Deutsche Jens Plötner bei seinem Vortrag vor der Gesellschaft für Auswärtige Politik

Eine unbequeme Wahrheit

»Mit 20 Mardern kann man viele Zeitungsseiten füllen, aber es gibt nur wenige große Artikel darüber, wie unsere Beziehungen zu Russland in Zukunft aussehen werden.«

So Jens Plötner (parteilos), außenpolitischer Berater von Bundeskanzler Olaf Scholz (SPD), gegenüber der Deutschen Gesellschaft für Auswärtige Politik. Und wenn man berücksichtigt, auf welcher Ebene diplomatische Entscheidungen diskutiert werden, war es zu erwarten, dass er für diese Äußerungen mit Kritik und Vorwürfen überschüttet werden würde. 

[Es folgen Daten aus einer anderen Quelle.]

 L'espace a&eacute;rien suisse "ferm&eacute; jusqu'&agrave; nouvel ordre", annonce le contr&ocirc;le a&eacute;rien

Vorwürfe, die nicht unbedeutend sind und von fehlenden Informationen und mangelndem Verständnis für die Funktionsweise der Diplomatie zeugen, und es geht oft nicht — anders als viele glauben — um das Abwägen von Worten, sondern in diesem Fall darum, eine unbequeme Wahrheit auszudrücken, die die Unterschiede deutlich macht machen zwischen einem Mann, der in der Lage ist, Diplomatie zu verstehen und zu betreiben, und einem anderen, der glaubt, sie perfekt zu verstehen.

Viele Stimmen erheben sich zu den Themen Waffenlieferungen an die Ukraine, Sanktionspakete für Russland und eine neue Art von Diplomatie, die seltsamerweise aufhört, eine zu sein. Die von Plötner aufgeworfene Debatte ist tiefgründig und wirft eine erste grundlegende Frage auf: Wie können wir von Diplomatie sprechen, wenn wir die Türen zu Verhandlungen vorübergehend schließen wollen? Wir dürfen den Informationsaustausch nie völlig abbrechen, wir dürfen die Kanäle des Dialogs nie schließen. Gespräche bieten Diplomaten die Möglichkeit, offizielle Informationen über ein bestimmtes Ereignis zu erhalten, die es dann erlauben, Strategien zu entwickeln. Wie können wir Strategien entwickeln, wenn wir nicht wissen, wie die tatsächliche Situation aussieht? Es wäre ein Fehler, jemandem am Telefon nicht zur Verfügung zu stehen, nur weil er oder sie Interessen vertritt, die unseren eigenen entgegengesetzt sind. Der zentrale Gedanke dabei ist: Woher wissen wir, welche Informationen Putin von seiner Entourage erhält? Durch ein schwieriges und unbequemes Gespräch können wir viel mehr erfahren als durch Vermutungen oder nachrichtendienstliche Erkenntnisse.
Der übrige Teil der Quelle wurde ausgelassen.